Well, I've more than once shared here some charts of pickups played direct to the board and suggesting how their "cumulative" frequency response was following their resonance peak with such or such RC load, etc.
But as a matter of fact, thinking that two pickups sound the same because they have same resonant peaks / Q factors is like considering that two human beings are identical because they share a same silhouette on a picture, for instance - comparison inspired by what Bill Lawrence was saying about the size of shoes and to take with a grain of salt: I'm joking to dedramatize what is after all a rather futile question.
Again, non linear properties and what happens in the time domain are to take in account IME and IMO (and are to me a missing link from physics to psychoacoustics / human perception) when
two pickups share a same resonance peak but still sound different in a same guitar / with identical settings - which is not rare at all...
(my bolding)
"Identical settings" is an interesting notion when in comes to solid-body guitars. Whenever someone says - as they commonly do in forums - "I have two guitars that are identical" (usually followed by "except for the wood"

), it's almost always the case that they have very little idea of what "identical" means. Thirty years of measurements of real guitars by (guitar-playing) scientists has shown that there are many, many things that can affect the sonic profile of solid-body electric guitars. Many are not well-known to players. Many are difficult to check. Many are difficult to fully control.
Changing pickups involves a number of possible changes in factors that have been shown to be sonically influential. The strings usually have to come off, which means that the guitar may have new strings. String sonic variability is a thing, as are aging efffects. We do not actually know how much the distance of a pickup from the strings has to change in order to produce a sonic difference hear-able by x% of people in a blinded test. Yet we rarely see any real precision applied to equating pickup heights.
Where pickups have different magnets, you would need to know the magnet strength vs distance function (inverse square or inverse cube) for each magnet, so that you could equate the field strength to which the string is exposed for each pickup (incidentally there is little reason to believe that different Alnico grades have different
intrinsic "sounds" - but they do have different, easily-measured strengths ... that is likely why pickups with different Alnico grades can sound different*). If the string is saturated by both magnets at their particular heights then that no longer matters.
*which means that changing magnets would be no different to changing pickup heights
You said "same resonance peak". Did you mean same Q factor too ? Which two pickups have the same resonance peak and Q factor yet sound different when the magnet effect is normalized as above ?
And one would also need to measure the magnet strength of each pole piece or at each strings' screw. Which is not that hard to do with a gaussmeter. There is considerably published evidence that common pickups do not always have consistent magnet strength across all pole piece magnets or along the length of a pickup bar magnet (eg Zollner 2014; Jungmann 1994).

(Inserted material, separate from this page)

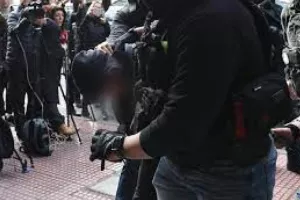 «Έριξα τη φωτοβολίδα από τα 70 μέτρα, δεν είχα πρόθεση να βλάψω» είπε ο 18χρονος στην ανακρίτρια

Jungmann, T. (1994). Theoretical and Practical Studies on the Behaviour of Electric Guitar Pick-Ups. Diploma Thesis, Electrical Engineering Degree, Helsinki University of Technology.
Zollner, M. (2014). Magnetic pickups. Ch 5 in:
Physics of the Electric Guitar.
https://www.gitec-forum-eng.de/the-book/
So there's no single test or measurement that tells the whole story. But suggesting as other people do, that we need to learn all about coil wire dimensions, insulation and variability, different magnet manufacturing techniques, variations in bobbin geometry or winding techniques, would be moving us further
away from the relatively simple measurements that have a predictable
direct effect on key aspects of how a pickup sounds ... rather than closer to that understanding.